OCR Training Data Collection and Annotation Tutorial
This guide will walk you through the process of collecting and annotating OCR training data using the “Training Dojo” tool.
Collecting OCR Training Data
- To start collecting OCR training data, click the button in the top right corner of the main interface.
- The system will begin capturing data for OCR training.
Managing OCR Training Data
- Once you’ve collected some data, go to the File menu.
- Click on “OCR Training Data Settings” to access data management options.
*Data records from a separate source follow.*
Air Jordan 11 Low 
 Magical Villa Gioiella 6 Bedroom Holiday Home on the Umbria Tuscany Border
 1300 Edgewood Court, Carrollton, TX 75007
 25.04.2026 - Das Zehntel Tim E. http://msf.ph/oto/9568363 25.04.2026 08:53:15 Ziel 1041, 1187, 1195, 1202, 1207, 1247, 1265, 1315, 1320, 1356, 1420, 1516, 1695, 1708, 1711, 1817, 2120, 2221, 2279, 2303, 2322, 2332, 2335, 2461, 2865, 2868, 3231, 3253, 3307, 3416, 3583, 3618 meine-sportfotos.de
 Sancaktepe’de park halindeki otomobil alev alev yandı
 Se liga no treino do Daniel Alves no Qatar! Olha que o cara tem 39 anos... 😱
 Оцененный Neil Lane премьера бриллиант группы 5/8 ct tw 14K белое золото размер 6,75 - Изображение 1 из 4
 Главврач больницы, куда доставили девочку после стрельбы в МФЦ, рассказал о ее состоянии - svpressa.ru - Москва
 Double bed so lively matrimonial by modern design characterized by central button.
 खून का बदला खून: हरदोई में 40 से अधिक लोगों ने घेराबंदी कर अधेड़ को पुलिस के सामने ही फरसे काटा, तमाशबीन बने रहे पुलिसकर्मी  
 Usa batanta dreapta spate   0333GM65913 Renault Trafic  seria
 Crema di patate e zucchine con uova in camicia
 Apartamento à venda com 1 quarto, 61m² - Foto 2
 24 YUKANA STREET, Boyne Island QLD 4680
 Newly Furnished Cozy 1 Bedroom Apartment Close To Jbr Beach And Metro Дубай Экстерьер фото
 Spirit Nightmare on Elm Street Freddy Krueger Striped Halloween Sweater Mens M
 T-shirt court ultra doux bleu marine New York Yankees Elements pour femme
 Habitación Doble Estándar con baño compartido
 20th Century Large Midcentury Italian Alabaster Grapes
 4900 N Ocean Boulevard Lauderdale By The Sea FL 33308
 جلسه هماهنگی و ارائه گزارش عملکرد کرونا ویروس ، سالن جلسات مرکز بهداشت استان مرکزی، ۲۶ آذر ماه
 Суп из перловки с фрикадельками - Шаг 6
- In the settings window, you’ll find:
- The folder where data is stored
- A button to open this folder directly
- A button to save the collected data as a ZIP file
- An option to set the maximum size of saved data in MB
- In the OCR Training Data Settings, click the button to open the Training Dojo tool.
- The tool will display all collected files for annotation.
Interface Overview
- Left side: List of all files
- Files with approved annotations have a checkmark
- Right side: Current image and annotation interface
- Line edit field for entering or approving annotations
- Approved annotations are highlighted in green
Annotation Process
- For each image, enter the correct text in the line edit field.
- Press Enter to approve the annotation and move to the next image.
- Use Up/Down arrow keys to navigate through the list.
- Use Ctrl+Down and Ctrl+Up to jump to the next unapproved image.
- Click the filter button to show only unapproved images.
Keyboard Shortcuts
- Enter: Approve annotation and move to next image
- Up/Down Arrows: Navigate through the list
- Ctrl+Down: Jump to next unapproved image
- Ctrl+Up: Jump to previous unapproved image
Exporting Annotated Data
- Once you’ve finished annotating, exit the Training Dojo tool.
- In the OCR Training Data Settings:
- Click the button to save data as a ZIP file
- Choose a location to save the file
- Send the exported ZIP file to our team at support@scoresight.live for processing. We will be in touch with a new OCR model.
Best Practices
- Annotate regularly to maintain a manageable workload.
- Use keyboard shortcuts for faster navigation and annotation.
- Double-check your annotations before approving.
- Use the filter option to focus on unapproved images when nearing completion.
- Set a reasonable max size for saved data to prevent overwhelming file sizes.
By following this process, you’ll contribute valuable training data to improve the OCR system’s accuracy and performance. Thank you for your efforts in enhancing our OCR capabilities!